RE: [RFC] mm/memory.c: Optimizing THP zeroing routine for !HIGHMEM cases

From: Chintan Pandya <chintan.pandya@oneplus.com>
To: "Huang, Ying" <ying.huang@intel.com>
Cc: Michal Hocko <mhocko@suse.com>,
	Prathu Baronia <prathu.baronia@oneplus.com>,
	"akpm@linux-foundation.org" <akpm@linux-foundation.org>,
	"linux-mm@kvack.org" <linux-mm@kvack.org>,
	"gregkh@linuxfoundation.org" <gregkh@linuxfoundation.org>,
	"gthelen@google.com" <gthelen@google.com>,
	"jack@suse.cz" <jack@suse.cz>, Ken Lin <ken.lin@oneplus.com>,
	Gasine Xu <Gasine.Xu@Oneplus.com>
Subject: RE: [RFC] mm/memory.c: Optimizing THP zeroing routine for !HIGHMEM cases
Date: Sat, 11 Apr 2020 15:40:01 +0000	[thread overview]
Message-ID: <SG2PR04MB2921E6D51681B935C0F85EEA91DF0@SG2PR04MB2921.apcprd04.prod.outlook.com> (raw)
In-Reply-To: <87lfn390db.fsf@yhuang-dev.intel.com>

> > Generally, many architectures are optimized for serial loads, be it
> > initialization or access, as it is simplest form of prediction. Any
> > random access pattern would kill that pre-fetching. And for now, I
> > suspect that to be the case here. Probably, we can run more tests to confirm
> this part.
> 
> Please prove your theory with test.  Better to test x86 too.

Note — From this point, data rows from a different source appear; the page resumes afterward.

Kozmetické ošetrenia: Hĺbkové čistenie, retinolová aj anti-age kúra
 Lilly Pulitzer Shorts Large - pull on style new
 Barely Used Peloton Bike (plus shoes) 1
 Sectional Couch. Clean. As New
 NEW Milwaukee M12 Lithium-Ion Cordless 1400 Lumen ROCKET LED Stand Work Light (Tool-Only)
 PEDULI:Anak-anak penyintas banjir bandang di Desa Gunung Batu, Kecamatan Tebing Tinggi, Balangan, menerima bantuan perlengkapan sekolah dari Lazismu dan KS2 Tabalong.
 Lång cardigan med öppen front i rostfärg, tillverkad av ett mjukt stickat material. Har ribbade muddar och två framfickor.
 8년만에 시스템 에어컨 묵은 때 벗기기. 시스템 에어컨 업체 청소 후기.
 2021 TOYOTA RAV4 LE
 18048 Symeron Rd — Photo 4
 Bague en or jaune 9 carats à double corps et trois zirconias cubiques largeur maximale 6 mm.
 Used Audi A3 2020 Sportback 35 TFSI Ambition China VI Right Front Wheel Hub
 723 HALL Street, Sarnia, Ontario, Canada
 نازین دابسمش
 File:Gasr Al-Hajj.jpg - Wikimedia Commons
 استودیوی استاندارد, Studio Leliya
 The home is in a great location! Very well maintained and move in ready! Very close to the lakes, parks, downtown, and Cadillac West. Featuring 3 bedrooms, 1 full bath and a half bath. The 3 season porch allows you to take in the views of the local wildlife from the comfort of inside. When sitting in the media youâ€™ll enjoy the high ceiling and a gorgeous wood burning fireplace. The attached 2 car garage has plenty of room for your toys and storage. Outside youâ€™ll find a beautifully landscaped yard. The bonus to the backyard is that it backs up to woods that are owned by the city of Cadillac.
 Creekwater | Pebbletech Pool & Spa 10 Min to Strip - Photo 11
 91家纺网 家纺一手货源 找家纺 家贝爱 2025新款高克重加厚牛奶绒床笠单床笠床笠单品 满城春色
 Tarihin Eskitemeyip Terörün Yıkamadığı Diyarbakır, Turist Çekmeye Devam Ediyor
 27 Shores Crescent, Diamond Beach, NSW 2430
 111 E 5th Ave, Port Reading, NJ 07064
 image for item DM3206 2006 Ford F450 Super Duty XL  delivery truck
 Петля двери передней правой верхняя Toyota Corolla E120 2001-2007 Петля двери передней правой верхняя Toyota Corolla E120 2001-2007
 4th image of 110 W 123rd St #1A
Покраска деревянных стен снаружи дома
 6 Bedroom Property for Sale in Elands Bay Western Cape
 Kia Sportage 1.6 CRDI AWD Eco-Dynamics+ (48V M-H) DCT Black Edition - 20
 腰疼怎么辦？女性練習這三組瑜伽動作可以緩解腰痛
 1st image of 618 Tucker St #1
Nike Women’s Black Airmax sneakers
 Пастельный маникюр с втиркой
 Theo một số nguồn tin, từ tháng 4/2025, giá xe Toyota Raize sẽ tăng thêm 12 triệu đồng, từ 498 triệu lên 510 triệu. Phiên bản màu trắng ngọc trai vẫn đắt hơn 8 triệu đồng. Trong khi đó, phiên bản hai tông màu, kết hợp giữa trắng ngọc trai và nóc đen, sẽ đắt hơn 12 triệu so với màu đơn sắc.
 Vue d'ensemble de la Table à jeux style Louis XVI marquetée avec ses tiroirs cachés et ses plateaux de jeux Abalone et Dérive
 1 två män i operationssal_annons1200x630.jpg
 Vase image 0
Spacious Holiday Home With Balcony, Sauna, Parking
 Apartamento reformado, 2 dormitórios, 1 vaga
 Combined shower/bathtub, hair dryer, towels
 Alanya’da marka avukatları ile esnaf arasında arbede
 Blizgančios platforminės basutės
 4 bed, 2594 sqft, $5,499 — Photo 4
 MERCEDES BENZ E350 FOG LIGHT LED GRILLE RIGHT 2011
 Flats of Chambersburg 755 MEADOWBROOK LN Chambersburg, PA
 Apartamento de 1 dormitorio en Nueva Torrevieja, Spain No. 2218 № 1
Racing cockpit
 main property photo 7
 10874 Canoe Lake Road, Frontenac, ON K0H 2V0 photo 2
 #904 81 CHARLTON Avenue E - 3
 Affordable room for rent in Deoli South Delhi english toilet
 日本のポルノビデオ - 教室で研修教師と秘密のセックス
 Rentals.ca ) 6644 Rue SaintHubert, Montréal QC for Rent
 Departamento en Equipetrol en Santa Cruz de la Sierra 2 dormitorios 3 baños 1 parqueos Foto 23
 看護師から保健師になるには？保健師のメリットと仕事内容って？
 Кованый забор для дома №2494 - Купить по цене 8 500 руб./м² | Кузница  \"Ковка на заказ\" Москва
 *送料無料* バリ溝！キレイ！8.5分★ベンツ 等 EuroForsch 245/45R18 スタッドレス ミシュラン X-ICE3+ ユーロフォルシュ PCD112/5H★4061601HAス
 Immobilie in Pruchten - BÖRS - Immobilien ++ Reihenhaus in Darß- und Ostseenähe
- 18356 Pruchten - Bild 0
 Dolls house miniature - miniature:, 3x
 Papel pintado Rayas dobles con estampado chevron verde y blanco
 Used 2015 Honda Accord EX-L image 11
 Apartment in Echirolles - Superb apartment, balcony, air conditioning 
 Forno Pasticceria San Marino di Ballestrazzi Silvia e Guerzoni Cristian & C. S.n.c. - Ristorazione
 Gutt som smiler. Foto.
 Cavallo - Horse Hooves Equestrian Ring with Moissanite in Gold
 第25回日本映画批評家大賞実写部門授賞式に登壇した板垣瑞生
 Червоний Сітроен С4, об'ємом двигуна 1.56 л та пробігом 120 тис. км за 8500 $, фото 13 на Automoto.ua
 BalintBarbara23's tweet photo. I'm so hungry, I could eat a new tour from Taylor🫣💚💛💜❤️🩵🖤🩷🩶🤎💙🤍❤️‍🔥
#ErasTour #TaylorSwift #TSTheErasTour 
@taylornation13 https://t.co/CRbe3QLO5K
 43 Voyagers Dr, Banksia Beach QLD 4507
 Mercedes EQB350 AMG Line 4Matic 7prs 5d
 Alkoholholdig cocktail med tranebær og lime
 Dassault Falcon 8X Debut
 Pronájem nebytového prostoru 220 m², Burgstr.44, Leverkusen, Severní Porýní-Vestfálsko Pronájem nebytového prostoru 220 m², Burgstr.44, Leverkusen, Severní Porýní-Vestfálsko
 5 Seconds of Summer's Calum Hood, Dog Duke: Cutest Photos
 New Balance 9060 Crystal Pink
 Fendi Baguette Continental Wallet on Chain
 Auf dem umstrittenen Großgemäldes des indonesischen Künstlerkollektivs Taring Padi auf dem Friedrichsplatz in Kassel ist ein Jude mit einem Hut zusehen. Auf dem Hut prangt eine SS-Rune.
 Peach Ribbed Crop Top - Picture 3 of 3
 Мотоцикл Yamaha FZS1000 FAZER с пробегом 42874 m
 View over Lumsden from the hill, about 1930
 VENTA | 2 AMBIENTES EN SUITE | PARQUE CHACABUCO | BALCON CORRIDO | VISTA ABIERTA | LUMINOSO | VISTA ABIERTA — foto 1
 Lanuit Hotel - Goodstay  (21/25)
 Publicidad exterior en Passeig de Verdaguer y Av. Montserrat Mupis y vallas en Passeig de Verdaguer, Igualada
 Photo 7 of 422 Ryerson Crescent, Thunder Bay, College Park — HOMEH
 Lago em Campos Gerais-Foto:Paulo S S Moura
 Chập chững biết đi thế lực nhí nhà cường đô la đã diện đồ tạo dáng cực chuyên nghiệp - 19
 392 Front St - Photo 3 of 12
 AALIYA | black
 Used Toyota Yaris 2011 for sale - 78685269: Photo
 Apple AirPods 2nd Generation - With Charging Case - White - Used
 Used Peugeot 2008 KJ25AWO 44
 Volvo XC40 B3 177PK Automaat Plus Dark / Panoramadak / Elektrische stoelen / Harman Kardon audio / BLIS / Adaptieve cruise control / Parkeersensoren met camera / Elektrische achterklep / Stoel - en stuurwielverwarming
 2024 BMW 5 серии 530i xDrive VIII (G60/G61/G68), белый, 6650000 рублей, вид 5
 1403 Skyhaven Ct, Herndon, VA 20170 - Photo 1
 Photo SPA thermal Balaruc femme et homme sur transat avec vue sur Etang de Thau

Wrote down below userspace test code.

Code:

#include <stdio.h>
#include <stdlib.h>
#include <string.h>
#include <sys/time.h>

#define SZ_1M 0x100000
#define SZ_4K 0x1000
#define NUM 100

Int main ()
{
  void *p;
  void *q;
  void *r;

  unsigned long total_pages, total_size;
  int i, j;
  struct timeval t0, t1, t2, t3;
  int elapsed;

  printf ("Hello World\n");

  total_size = NUM * SZ_1M;
  total_pages = NUM * (SZ_1M / SZ_4K);

  p = malloc (total_size);
  q = malloc (total_size);
  r = malloc (total_size);

  /* So that all pages gets allocated */
  memset (r, 0xa, total_size);
  memset (q, 0xa, total_size);
  memset (p, 0xa, total_size);

  gettimeofday (&t0, NULL);

  /* One shot memset */
  memset (r, 0xd, total_size);

  gettimeofday (&t1, NULL);

  /* traverse in forward order */
  for (j = 0; j < total_pages; j++)
    {
      memset (q + (j * SZ_4K), 0xc, SZ_4K);
    }

  gettimeofday (&t2, NULL);

  /* traverse in reverse order */
  for (i = 0; i < total_pages; i++)
    {
      memset (p + total_size - (i + 1) * SZ_4K, 0xb, SZ_4K);
    }

  gettimeofday (&t3, NULL);

  free (p);
  free (q);
  free (r);

  /* Results time */
  elapsed = ((t1.tv_sec - t0.tv_sec) * 1000000) + (t1.tv_usec - t0.tv_usec);
  printf ("One shot: %d micro seconds\n", elapsed);

  elapsed = ((t2.tv_sec - t1.tv_sec) * 1000000) + (t2.tv_usec - t1.tv_usec);
  printf ("Forward order: %d micro seconds\n", elapsed);

  elapsed = ((t3.tv_sec - t2.tv_sec) * 1000000) + (t3.tv_usec - t2.tv_usec);
  printf ("Reverse order: %d micro seconds\n", elapsed);
  return 0;
}

------------------------------------------------------------------------------------------------

Results for ARM64 target (SM8150 , CPU0 & 6 are online, running at max frequency)
All numbers are mean of 100 iterations. Variation is ignorable.
- Oneshot : 3389.26 us
- Forward : 8876.16 us
- Reverse : 18157.6 us

Results for x86-64 (Intel(R) Core(TM) i7-8700 CPU @ 3.20GHz, only CPU 0 in max frequency)
All numbers are mean of 100 iterations. Variation is ignorable.
- Oneshot : 3203.49 us
- Forward : 5766.46 us
- Reverse : 5187.86 us

To conclude, I observed optimized serial writes in case of ARM processor. But strangely,
memset in reverse order performs better than forward order quite consistently across
multiple x86 machines. I don't have much insight into x86 so to clarify, I would like to
restrict my previous suspicion to ARM only.

> 
> Best Regards,
> Huang, Ying